Lets dive into solutions!

### Puzzle 329

In this puzzle we were asked to generate first 50 elements of Iccanobif sequence. Wait what? It is Fibonacci backwords… and that is exactly our goal to generate Fibonacci like sequence with one constraint: next element is a sum of previous two but with digits in reversed order.
As it looks hard, it really isn’t. And this solution is so short in base R, that translating it to another syntax would be just over complicating.

library(tidyverse)
library(stringi)

test = read_excel("Iccanobif Numbers.xlsx", range = "A2:A51", col_names = FALSE) %>% pull()

#### Approach: Base R

reverse_digits <- function(n) {
as.numeric(stri_reverse(as.character(n)))
}

generate_iccanobif <- function(N) {
iccanobif <- c(0, 1)
for (i in 3:N) {
next_term <- reverse_digits(iccanobif[i - 1]) + reverse_digits(iccanobif[i - 2])
iccanobif <- c(iccanobif, next_term)
}
iccanobif
}

iccanobif_50 <- generate_iccanobif(50)

#### Validation

identical(iccanobif_50, test)
#> [1] TRUE

### Puzzle 330

In puzzle #330 we have sentences in table and our goal is to return matrix populated rowwise containing only words that were longer than average word in original sentence.

library(tidyverse)
library(tidytext)
library(data.table)

input = read_excel("Average Word Length.xlsx", range= "A1:A10")
test = read_excel("Average Word Length.xlsx", range = "B2:D5", col_names = F)
colnames(test) = c("1", "2", "3")

#### Approach 1: tidyverse

result = input %>%
mutate(number = row_number()) %>%
unnest_tokens(word, Books) %>%
group_by(number) %>%
mutate(word_len = nchar(word)) %>%
reframe(number, word, word_len, avg_len = mean(word_len)) %>%
ungroup() %>%
filter(word_len > avg_len) %>%
select(word) %>%
mutate(group = rep(1:4, each = 3)) %>%
group_by(group) %>%
mutate(row = row_number()) %>%
pivot_wider(names_from = row, values_from = word) %>%
ungroup() %>%
select(-group) %>%
mutate(across(everything(), ~ str_to_title(.x)))
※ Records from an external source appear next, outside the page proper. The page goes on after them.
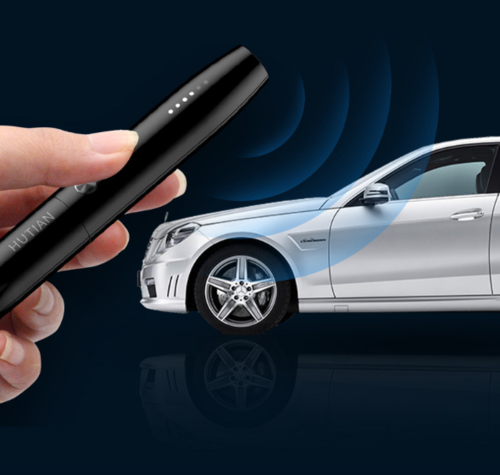 RF Signal & Hidden Camera Detector Pen – Anti-Spy, Anti-Tracking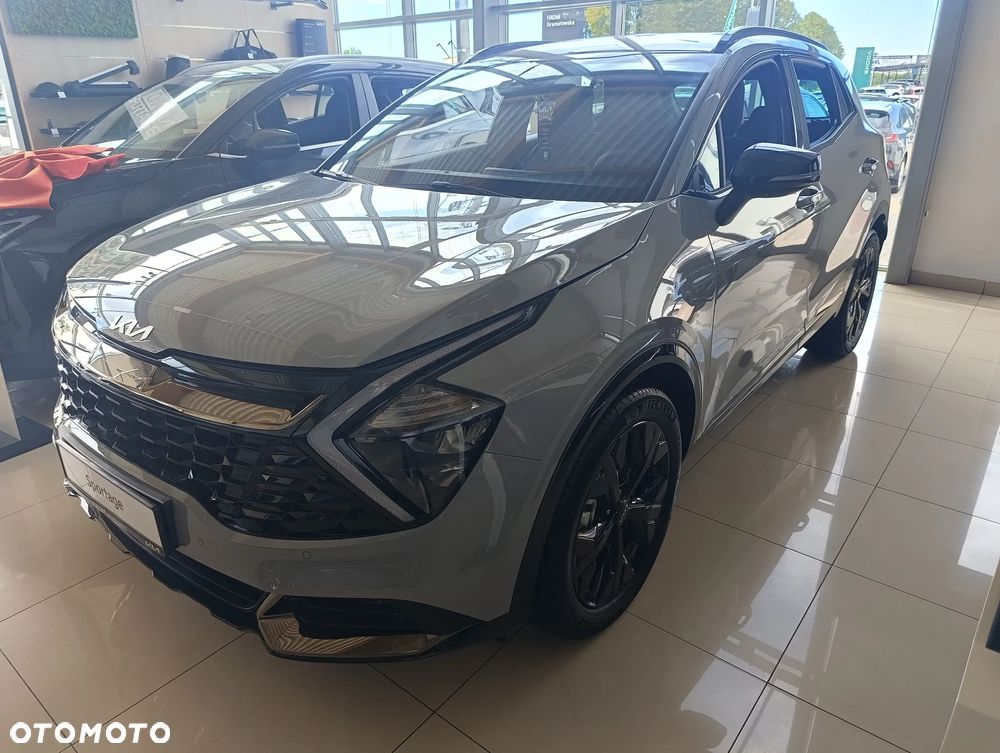 Kia Sportage 1.6 T-GDI Anniversary 2WD - 2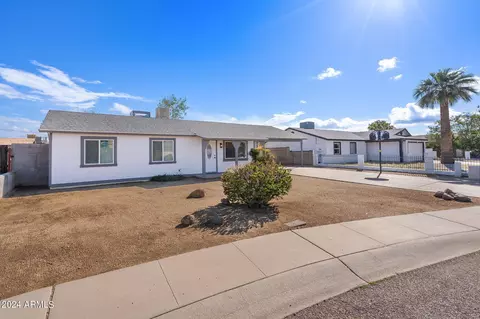 Exterior - 3735 E Janice Way, Phoenix, AZ 85032 photo 6 of 15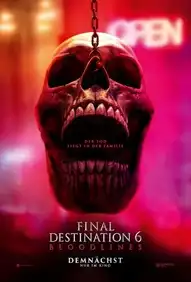 Final Destination Bloodlines 2025 Full Movie Download Free HD Web-DL [English DDP5.1]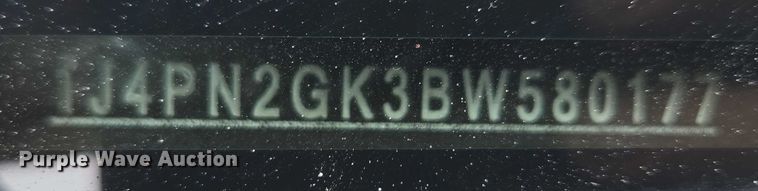 image for item DY1146 2011 Jeep Liberty SUV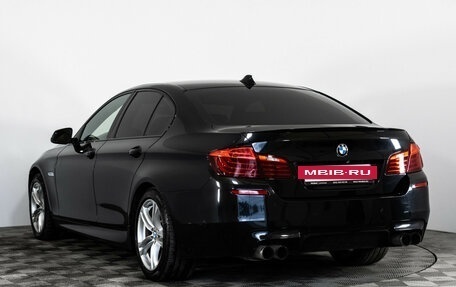 BMW 5 серия, 2013 год, 2 250 000 рублей, 9 фотография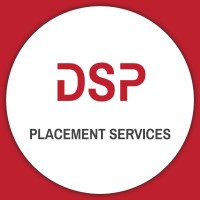 DSP PLACEMENT SERVICES logo - Similar company to Mindstech Recruitments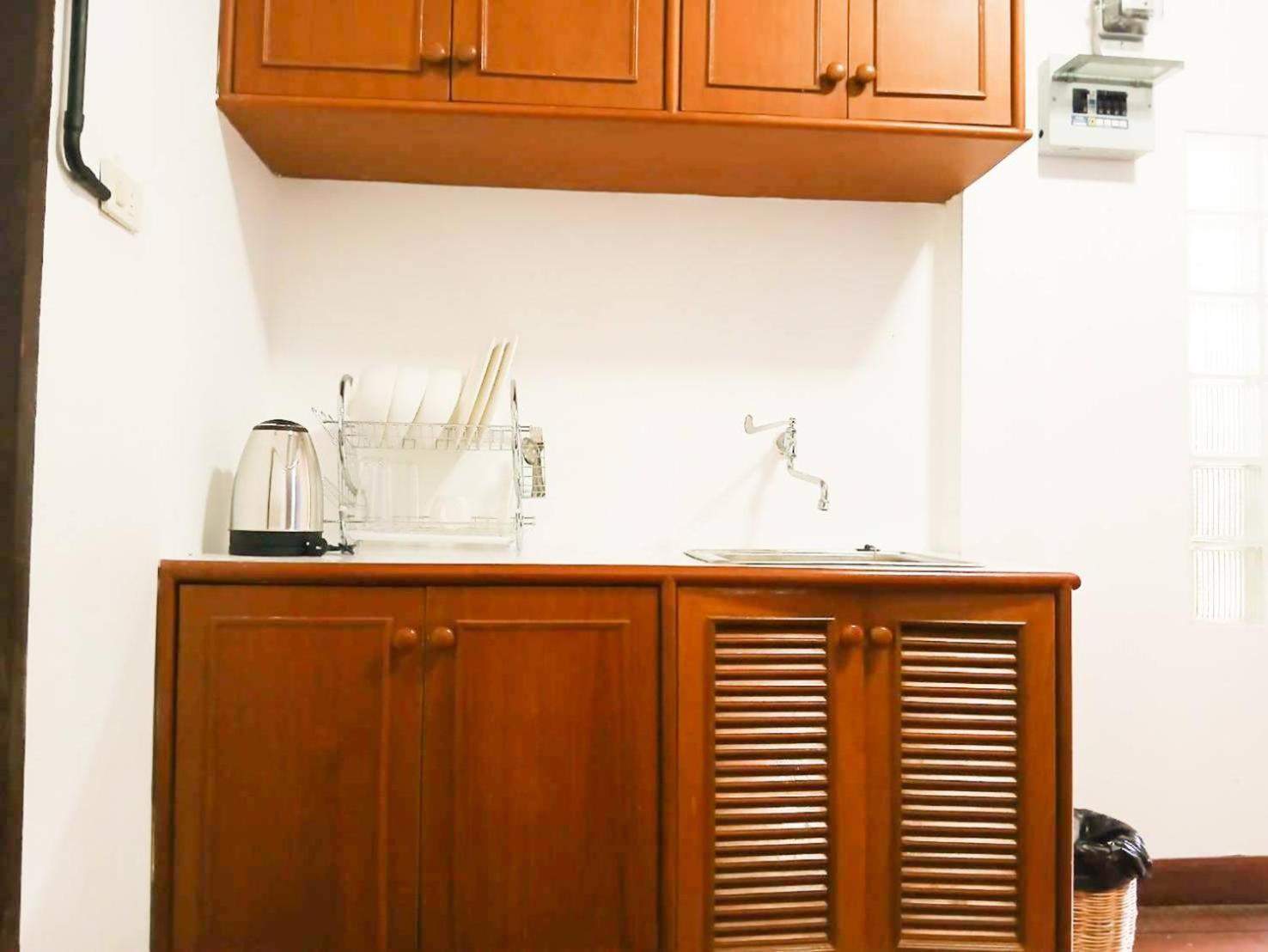 Apartmán Samui Wooden Hill Lamai Exteriér fotografie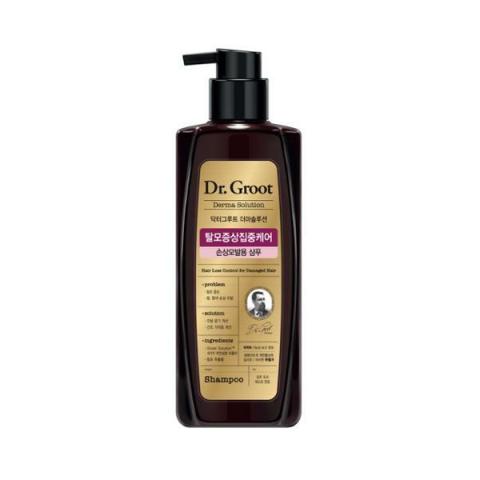 Dr. Groot - Shampooing anti-chute des cheveux pour la croissance...
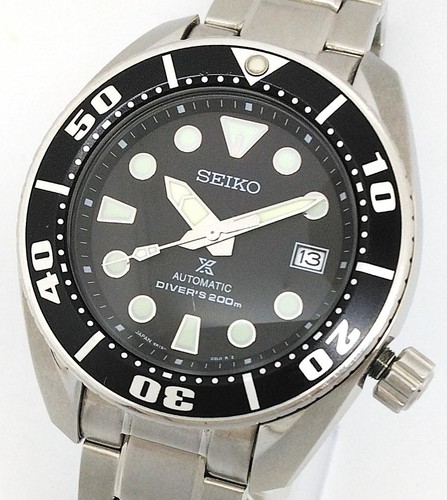 Orologio subacqueo automatico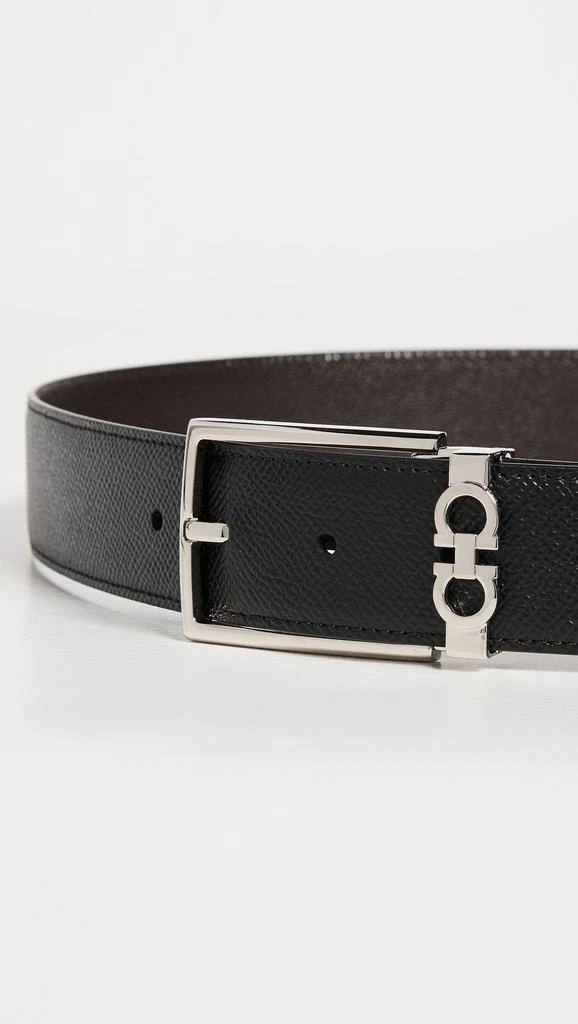 Salvatore Ferragamo Gancio Reversible Belt 3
#### Approach 2: data.table

input_dt <- setDT(copy(input))

input_dt[, number := .I]
input_dt_long <- input_dt[, .(word = unlist(strsplit(Books, " "))), by = number]
input_dt_long[, word_len := nchar(word)]
input_dt_long[, avg_len := mean(word_len), by = number]

input_dt_filtered <- input_dt_long[word_len > avg_len, .(word, number)]
input_dt_filtered[, group := rep(1:4, each = 3, length.out = .N)]
input_dt_filtered[, row := rep(1:3, times = 4, length.out = .N)]
wider_dt <- dcast(input_dt_filtered, group ~ row, value.var = "word")
setnames(wider_dt, old = names(wider_dt), new = c("group", "1", "2", "3"))

wider_dt[, group := NULL]

#### Approach 3: base R

input_base <- input
input_base\$number = seq_along(input_base\$Books)
words_list_base = strsplit(input_base\$Books, " ")
words_df_base = setNames(data.frame(do.call(rbind, lapply(words_list_base, function(x) data.frame(word = x))), row.names = NULL), c("word"))
words_df_base\$number = rep(input_base\$number, sapply(words_list_base, length))
words_df_base\$word_len = nchar(as.character(words_df_base\$word))
words_df_base\$avg_len = ave(words_df_base\$word_len, words_df_base\$number, FUN = mean)
filtered_df_base = subset(words_df_base, word_len > avg_len, select = c("word", "number"))
filtered_df_base\$group = rep(1:4, each = 3, length.out = nrow(filtered_df_base))
mat = matrix(filtered_df_base\$word, nrow = 4, ncol = 3, byrow = TRUE)
wider_df_base = as_tibble(as.data.frame(mat))
colnames(wider_df_base) = c("1", "2", "3")
wider_df_base[] = lapply(wider_df_base, function(x) if(is.character(x)) tools::toTitleCase(x) else x)

#### Validation

identical(test, result)
#> [1] TRUE

identical(test, wider_dt)
#> [1] TRUE

identical(test, wider_df_base)
#> [1] TRUE

### Puzzle 331

In this puzzle we were asked to find which of given numbers can be represented as sum of two cubes.

library(tidyverse)
library(data.table)

input = read_excel("Sum of Cube of Two Numbers.xlsx", range = "A1:A10")
test = read_excel("Sum of Cube of Two Numbers.xlsx",
range = "B2:D6",
col_names = c("Number", "Factor1", "Factor2"))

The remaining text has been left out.